=== WHAT YOU NEED TO DO ===
Scan the records for lines with the word "Gift", and copy every such line.

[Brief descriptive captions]
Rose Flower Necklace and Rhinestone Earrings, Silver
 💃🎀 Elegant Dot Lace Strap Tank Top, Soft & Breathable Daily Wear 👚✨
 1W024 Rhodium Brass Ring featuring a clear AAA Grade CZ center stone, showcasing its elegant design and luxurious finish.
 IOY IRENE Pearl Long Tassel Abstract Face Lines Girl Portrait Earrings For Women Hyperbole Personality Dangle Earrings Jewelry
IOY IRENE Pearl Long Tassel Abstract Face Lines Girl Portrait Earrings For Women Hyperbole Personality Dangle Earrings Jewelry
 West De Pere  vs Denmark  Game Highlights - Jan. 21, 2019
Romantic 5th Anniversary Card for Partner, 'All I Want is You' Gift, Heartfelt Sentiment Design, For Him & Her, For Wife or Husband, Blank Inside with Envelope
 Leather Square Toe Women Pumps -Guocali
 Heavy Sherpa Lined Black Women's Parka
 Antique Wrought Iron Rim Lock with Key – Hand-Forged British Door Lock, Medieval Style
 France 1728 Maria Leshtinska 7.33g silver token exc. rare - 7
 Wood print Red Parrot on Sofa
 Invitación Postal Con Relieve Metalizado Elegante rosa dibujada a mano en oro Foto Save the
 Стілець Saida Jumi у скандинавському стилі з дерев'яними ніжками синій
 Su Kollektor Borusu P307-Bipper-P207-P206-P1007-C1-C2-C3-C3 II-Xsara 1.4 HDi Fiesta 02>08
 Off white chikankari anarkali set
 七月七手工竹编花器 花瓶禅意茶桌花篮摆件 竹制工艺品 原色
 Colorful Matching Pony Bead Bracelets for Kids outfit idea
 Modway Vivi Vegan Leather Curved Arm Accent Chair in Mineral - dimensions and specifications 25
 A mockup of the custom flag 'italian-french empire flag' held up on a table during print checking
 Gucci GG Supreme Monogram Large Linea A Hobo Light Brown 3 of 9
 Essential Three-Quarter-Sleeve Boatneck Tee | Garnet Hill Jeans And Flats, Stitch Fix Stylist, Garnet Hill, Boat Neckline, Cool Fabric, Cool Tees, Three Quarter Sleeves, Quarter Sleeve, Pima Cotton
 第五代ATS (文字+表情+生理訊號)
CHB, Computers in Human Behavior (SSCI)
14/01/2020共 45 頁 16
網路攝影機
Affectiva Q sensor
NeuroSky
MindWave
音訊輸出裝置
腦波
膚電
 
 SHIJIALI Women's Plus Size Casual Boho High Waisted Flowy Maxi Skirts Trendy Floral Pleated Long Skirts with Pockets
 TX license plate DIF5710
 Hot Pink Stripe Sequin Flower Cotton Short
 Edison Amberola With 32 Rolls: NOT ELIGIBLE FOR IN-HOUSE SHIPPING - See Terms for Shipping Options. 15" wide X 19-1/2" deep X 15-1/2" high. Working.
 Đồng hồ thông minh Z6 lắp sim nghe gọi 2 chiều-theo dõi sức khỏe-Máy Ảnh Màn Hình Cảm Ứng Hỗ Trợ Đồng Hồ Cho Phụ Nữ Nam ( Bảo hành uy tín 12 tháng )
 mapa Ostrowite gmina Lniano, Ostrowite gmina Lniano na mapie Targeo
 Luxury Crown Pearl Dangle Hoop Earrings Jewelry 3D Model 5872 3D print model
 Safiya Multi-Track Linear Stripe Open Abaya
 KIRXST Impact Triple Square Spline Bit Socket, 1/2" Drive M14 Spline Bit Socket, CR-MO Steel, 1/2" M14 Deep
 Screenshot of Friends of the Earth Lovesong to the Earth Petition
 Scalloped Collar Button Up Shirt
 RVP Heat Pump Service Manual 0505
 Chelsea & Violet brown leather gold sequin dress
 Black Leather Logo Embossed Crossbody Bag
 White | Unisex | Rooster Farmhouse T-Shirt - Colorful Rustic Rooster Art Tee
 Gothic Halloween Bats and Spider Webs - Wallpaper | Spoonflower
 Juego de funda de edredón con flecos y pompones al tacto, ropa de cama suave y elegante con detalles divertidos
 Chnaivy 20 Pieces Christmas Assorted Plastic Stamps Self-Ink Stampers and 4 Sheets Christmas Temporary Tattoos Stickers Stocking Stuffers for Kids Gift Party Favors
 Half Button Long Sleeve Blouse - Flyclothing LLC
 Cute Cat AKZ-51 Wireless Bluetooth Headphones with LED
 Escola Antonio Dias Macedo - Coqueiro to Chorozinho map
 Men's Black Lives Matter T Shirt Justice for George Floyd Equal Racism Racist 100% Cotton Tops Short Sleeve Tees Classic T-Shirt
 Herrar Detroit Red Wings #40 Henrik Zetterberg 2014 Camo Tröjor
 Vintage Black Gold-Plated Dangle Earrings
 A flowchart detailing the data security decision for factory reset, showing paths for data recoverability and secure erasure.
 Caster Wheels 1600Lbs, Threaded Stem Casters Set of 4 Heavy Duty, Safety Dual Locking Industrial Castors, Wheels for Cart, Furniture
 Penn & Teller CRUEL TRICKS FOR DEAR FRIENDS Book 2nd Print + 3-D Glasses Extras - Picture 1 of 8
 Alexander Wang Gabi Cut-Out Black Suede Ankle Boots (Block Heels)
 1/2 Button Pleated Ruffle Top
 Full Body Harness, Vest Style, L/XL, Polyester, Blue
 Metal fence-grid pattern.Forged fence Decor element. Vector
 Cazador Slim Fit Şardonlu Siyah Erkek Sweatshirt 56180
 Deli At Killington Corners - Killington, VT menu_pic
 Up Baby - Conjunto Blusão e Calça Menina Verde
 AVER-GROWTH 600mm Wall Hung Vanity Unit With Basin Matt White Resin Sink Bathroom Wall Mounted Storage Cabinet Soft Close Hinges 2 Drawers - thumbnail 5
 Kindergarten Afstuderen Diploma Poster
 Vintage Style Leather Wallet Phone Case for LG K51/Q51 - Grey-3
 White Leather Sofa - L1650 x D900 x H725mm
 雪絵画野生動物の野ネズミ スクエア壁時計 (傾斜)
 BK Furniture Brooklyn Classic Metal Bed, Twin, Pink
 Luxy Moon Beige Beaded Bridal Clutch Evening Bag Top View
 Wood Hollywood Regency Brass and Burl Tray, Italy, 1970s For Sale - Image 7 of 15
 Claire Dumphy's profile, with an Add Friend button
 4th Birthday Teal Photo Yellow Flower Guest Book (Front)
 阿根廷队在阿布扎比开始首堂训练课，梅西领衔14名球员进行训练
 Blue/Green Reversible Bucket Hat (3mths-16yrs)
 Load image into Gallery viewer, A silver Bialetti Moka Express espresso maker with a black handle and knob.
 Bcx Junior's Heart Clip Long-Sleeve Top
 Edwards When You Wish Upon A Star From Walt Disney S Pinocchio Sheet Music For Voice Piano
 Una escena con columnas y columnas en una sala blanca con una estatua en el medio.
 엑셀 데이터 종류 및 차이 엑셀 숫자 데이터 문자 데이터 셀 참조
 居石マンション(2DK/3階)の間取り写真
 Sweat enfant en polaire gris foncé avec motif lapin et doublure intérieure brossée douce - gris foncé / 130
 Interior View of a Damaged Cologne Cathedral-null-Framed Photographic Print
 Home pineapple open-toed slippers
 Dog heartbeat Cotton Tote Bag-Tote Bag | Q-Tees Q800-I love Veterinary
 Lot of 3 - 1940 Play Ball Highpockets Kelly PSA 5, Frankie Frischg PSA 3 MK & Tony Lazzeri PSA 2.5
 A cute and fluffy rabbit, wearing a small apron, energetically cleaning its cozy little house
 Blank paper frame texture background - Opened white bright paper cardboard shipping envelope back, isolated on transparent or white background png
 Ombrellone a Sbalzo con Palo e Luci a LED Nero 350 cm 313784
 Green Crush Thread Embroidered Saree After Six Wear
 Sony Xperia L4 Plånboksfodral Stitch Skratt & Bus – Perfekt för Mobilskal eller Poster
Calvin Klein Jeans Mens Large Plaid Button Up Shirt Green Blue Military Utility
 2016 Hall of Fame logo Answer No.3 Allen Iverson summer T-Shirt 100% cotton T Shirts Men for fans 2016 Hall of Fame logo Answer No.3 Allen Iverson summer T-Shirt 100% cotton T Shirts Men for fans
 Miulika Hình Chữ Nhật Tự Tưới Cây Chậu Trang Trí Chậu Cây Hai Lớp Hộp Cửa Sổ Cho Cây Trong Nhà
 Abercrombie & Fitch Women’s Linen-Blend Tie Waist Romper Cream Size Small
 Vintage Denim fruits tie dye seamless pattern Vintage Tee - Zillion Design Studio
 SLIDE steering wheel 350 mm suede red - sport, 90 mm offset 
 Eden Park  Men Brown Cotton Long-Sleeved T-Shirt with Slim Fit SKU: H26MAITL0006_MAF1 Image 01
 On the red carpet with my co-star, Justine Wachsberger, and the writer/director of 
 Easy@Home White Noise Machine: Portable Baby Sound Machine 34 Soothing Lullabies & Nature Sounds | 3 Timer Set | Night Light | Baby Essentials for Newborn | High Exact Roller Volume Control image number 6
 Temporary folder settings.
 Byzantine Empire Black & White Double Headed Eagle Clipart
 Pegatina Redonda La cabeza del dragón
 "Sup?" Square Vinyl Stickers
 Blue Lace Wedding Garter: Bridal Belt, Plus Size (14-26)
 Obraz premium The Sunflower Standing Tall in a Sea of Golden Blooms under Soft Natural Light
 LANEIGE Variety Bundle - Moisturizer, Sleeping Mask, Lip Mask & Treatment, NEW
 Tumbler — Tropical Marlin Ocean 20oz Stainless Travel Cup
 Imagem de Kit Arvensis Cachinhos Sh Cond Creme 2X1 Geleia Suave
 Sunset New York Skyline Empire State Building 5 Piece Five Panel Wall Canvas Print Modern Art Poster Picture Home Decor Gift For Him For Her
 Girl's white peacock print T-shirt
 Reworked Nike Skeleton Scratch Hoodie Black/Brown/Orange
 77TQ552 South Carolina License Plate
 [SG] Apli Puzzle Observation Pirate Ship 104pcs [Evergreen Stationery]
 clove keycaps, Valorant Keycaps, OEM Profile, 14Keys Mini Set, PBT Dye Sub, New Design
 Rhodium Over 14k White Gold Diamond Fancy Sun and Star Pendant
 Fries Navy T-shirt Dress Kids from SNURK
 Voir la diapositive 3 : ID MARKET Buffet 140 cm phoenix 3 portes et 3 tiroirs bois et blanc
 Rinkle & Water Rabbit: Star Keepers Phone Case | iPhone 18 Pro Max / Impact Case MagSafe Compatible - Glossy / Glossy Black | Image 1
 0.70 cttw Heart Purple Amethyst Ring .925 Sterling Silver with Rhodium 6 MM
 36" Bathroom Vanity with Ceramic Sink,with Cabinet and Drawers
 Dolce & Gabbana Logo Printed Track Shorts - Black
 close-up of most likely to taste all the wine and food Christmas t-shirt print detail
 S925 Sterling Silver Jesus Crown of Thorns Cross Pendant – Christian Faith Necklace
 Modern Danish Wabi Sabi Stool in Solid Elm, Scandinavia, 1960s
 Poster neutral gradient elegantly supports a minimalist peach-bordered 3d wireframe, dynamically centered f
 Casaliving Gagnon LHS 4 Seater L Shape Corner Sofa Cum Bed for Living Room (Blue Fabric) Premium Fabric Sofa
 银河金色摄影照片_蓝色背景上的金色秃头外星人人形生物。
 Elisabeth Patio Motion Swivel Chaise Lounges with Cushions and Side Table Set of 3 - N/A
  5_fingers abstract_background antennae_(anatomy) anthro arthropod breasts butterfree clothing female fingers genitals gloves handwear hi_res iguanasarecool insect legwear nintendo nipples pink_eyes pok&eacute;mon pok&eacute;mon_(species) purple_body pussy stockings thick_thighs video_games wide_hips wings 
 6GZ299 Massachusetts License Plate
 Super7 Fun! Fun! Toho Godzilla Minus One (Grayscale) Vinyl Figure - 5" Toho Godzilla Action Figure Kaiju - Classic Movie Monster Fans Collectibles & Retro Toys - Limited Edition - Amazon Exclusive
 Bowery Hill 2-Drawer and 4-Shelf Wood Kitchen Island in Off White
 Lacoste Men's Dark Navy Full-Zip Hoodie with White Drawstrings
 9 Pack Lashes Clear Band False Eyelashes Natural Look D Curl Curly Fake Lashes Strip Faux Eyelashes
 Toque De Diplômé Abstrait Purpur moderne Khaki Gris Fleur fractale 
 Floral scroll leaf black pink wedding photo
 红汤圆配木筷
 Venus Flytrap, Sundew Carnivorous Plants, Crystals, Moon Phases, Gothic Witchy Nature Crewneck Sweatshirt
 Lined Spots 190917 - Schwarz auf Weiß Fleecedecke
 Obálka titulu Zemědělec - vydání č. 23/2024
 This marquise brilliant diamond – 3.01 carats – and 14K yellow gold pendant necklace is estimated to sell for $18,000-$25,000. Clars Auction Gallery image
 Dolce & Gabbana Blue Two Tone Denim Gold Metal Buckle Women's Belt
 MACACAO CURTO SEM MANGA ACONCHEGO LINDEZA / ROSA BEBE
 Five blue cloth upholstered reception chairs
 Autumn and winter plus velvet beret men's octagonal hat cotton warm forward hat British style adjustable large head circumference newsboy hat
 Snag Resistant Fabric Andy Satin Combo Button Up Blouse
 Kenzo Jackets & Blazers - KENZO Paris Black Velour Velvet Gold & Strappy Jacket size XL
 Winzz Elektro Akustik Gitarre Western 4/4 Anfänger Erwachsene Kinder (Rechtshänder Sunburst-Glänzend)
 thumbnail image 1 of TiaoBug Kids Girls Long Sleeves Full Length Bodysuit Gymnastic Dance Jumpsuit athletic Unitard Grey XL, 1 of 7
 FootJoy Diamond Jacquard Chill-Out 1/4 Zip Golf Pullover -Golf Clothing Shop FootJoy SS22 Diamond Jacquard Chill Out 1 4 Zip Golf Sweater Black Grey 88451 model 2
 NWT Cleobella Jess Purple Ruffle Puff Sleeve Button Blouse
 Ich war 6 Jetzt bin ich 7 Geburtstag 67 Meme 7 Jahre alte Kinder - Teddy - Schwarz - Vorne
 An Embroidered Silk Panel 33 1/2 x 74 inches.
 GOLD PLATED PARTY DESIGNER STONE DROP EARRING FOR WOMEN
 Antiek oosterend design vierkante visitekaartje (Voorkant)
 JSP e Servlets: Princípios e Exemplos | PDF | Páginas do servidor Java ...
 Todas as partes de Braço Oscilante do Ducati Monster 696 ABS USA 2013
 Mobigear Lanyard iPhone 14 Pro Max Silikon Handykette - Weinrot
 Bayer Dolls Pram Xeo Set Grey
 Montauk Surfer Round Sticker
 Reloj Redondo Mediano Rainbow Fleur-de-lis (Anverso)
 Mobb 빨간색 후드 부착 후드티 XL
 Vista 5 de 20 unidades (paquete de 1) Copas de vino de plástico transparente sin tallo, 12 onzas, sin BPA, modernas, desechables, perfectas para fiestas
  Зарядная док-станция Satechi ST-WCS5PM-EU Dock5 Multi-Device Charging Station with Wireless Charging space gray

=== TASK RESULT ===
Romantic 5th Anniversary Card for Partner, 'All I Want is You' Gift, Heartfelt Sentiment Design, For Him & Her, For Wife or Husband, Blank Inside with Envelope
 Chnaivy 20 Pieces Christmas Assorted Plastic Stamps Self-Ink Stampers and 4 Sheets Christmas Temporary Tattoos Stickers Stocking Stuffers for Kids Gift Party Favors
 Sunset New York Skyline Empire State Building 5 Piece Five Panel Wall Canvas Print Modern Art Poster Picture Home Decor Gift For Him For Her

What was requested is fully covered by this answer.